2 JUNE 1990, Page 28

Truth and Lies

It sometimes seems I only need to lie Still for a moment — and in it floods, the sea Of surging water, blue and bright as ice, From which there is no refuge, not one rock Or cave in which to shelter or to hide . . Yet all this happens only in my mind.

My doctor says there's nothing in my mind Which needs attention — but that's just a lie For all I know, a vain attempt to hide The truth, to stem the savage rushing sea. Sometimes I wake at night and cannot rock Myself back to sleep: often I'm cold as ice.

The future glitters sharp as sun on ice, It dances in the chambers of my mind - Although the music sounds a bit like rock, So that I prefer to sit or lie As if I were a bather by the sea Or spotting birds from the warm dark of a hide.
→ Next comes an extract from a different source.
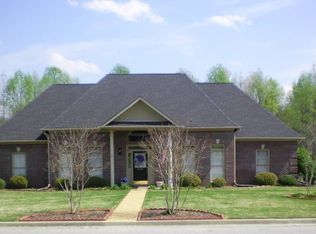 215 Pointe Verde Cir, Madison, AL 35758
But then it is impossible to hide The truth, although it often cuts like ice - At some point the bather has to brave the sea, At some point out of sight is out of mind - But even this is better than the lie Of the land which sags seawards in crumbling rock.

The sand upon the beach was once a rock, I sometimes think — the doctor cannot hide The truth for ever, go on prescribing a lie. `My dear,' he says, 'Your fingers are like ice. `Have you considered mittens? Would you mind `Taking a winter holiday by the sea?'

Why is it that all roads lead back to the sea? I feel the known world begin to rock, The water table rises in my mind.

I want to flee inland, I want to hide - If only tides could be locked up in ice But how can truth be thawed out from a lie?

The doctor says no sea can ever hide The tallest rock: his words grip me like ice. Deep in my mind, I ache for a comforting lie.